Another Republican Senator has stepped forward to condemn Donald Trump, labelling the US President “dangerous to democracy” in a blistering take-down.
In a withering attack from the floor of the Senate, Jeff Flake, who represents Arizona, said it was “time for our complicity and accommodation to the unacceptable to end” and said Republicans would not “meekly accept such behaviour” if a Democrat was in the White House.
His tirade came hours after he joined fellow Republican Bob Corker in announcing he would not stand for office next year. Corker, too, unleashed a stinging rebuke earlier in the day – accusing Trump of “debasing” the US.
Flake, who has criticised the path that the Republican Party has taken under Trump, told The Arizona Republic in advance of his announcement that “there may not be a place for a Republican like me” in the current GOP.
Railing against the “appalling features of our current politics”, he told the Senate that lawmakers should “never regard as normal the regular and casual undermining of our democratic norms and ideals”.
Watch the full speech from the Senate floor below.
“It is time for our complicity and our accommodation of the unacceptable to end,” he went on.

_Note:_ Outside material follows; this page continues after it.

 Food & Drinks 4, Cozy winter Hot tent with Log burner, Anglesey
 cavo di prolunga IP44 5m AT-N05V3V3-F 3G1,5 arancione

Flake published a book this year called Conscience of a Conservative: A Rejection of Destructive Politics and a Return to Principle, in which he takes on Trump and the GOP, arguing that “conservatism is indeed in crisis”.

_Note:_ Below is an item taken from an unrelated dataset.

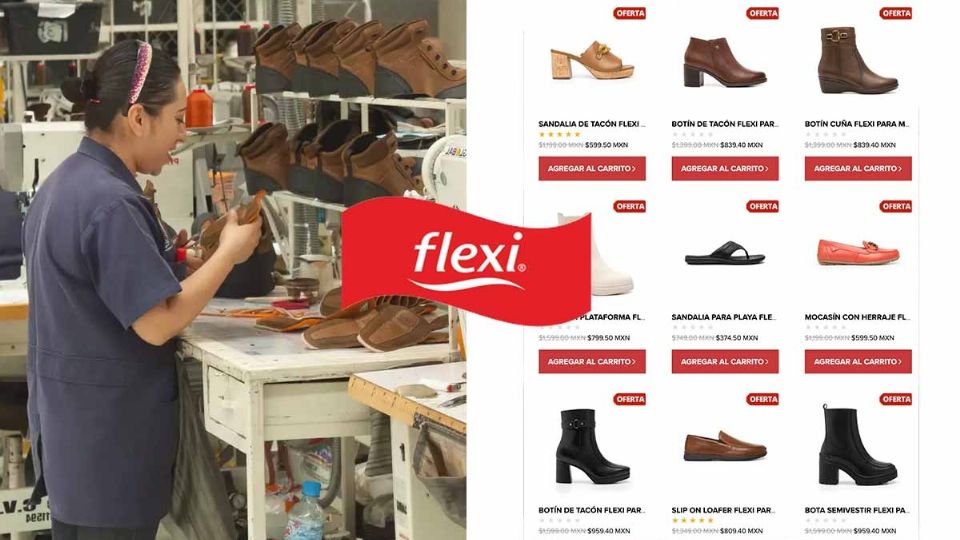 Flexi tiene grandes descuentos en variedad de calzado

Flake was critical of Trump during the 2016 election, although he didn’t outright condemn or campaign against the business mogul. He said in August 2016 that he had “little faith” Trump would change his ways and dismissed Trump’s proposed wall along the U.S.-Mexico border as “a joke.”
Corker, the US Senator who branded the White House an “adult daycare centre”, added today that the President has “great difficulty with the truth” and is “purposely breaking down relationships we have around the world that had been useful to our nation”.
“It’s amazing. Unfortunately world leaders are very aware that much of what he says is untrue,” Corker continued. “Certainly people here are because these things are provably untrue. They’re just factually incorrect and people know the difference.”